Astrophys. J. Lett. 874, L15 (2019)

On 4 April 2019, the Parker Solar Probe (PSP) made its second perihelion encounter, passing a mere 24.8 million kilometres from the Sun. While waiting for the release of data from the first perihelion made last November, Pete Riley and co-workers ran simulations to predict the structure of the solar corona and inner heliosphere that PSP would have encountered.

Credit: NASA

The PSP mission will use a series of gravity assists from Venus to make 24 orbits of the Sun, ultimately reaching a closest approach of 6.9 million kilometres at 200 km s–1 — a speed comparable to that of the slow solar wind. Given the trajectory and short time window for collecting data, global models of the photospheric magnetic field provide a complementary tool for analysing the data and predicting future coronal states.

Riley et al. applied the Magnetohydrodynamic Algorithm outside a Sphere (MAS) and found that a week before perihelion, the solar wind about the spacecraft could be traced to an equatorial coronal hole of positive polarity.

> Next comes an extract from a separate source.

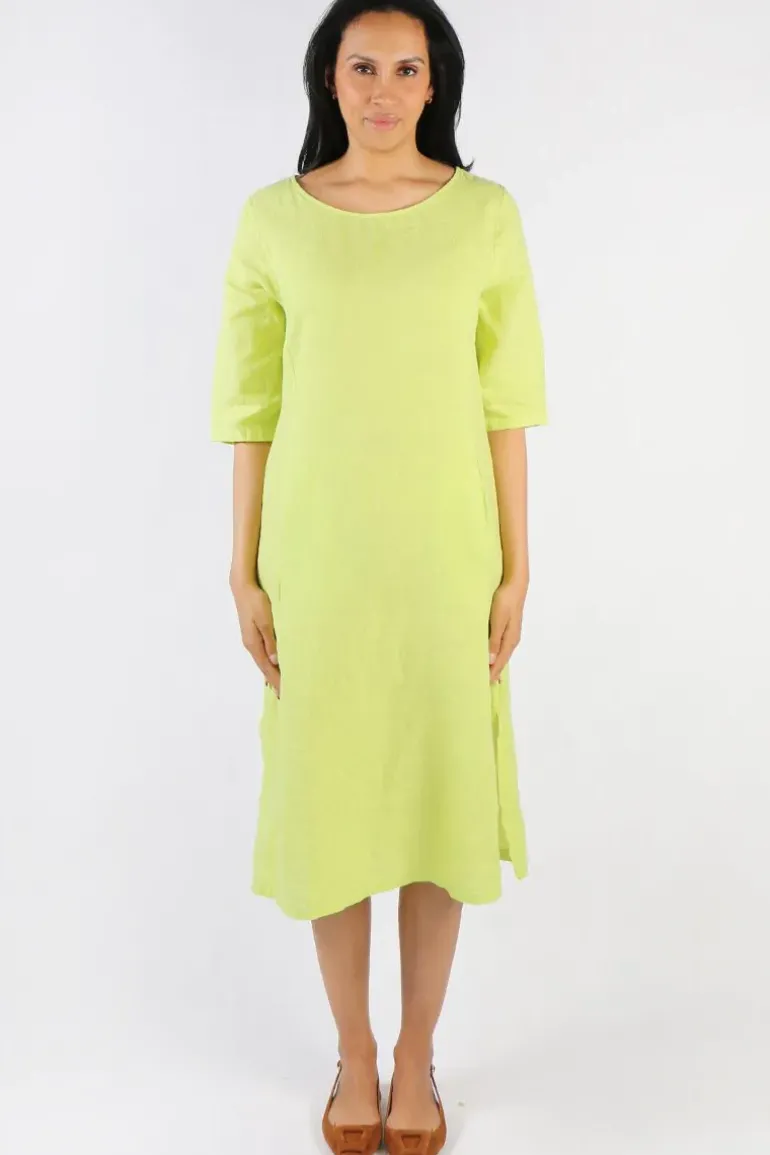 Blueberry Linen Shift Dress In Lime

But then just before perihelion, the connection jumped to a different equatorial coronal hole, to the east, and of negative polarity. After the first close encounter, the spacecraft then became magnetically connected to a northern coronal hole of positive polarity. The authors also used the Potential Field Source Surface (PFSS) model to calculate the coronal magnetic field. There were global similarities, but also differences; in the PFSS simulation, post-perihelion the spacecraft connected to a southern coronal hole. Once the observational data have been analysed, it will be possible to see which model works better, and whether the predicted magnetic field and plasma variables are indeed accurate. This information will hopefully provide insights into coronal heating and solar wind acceleration.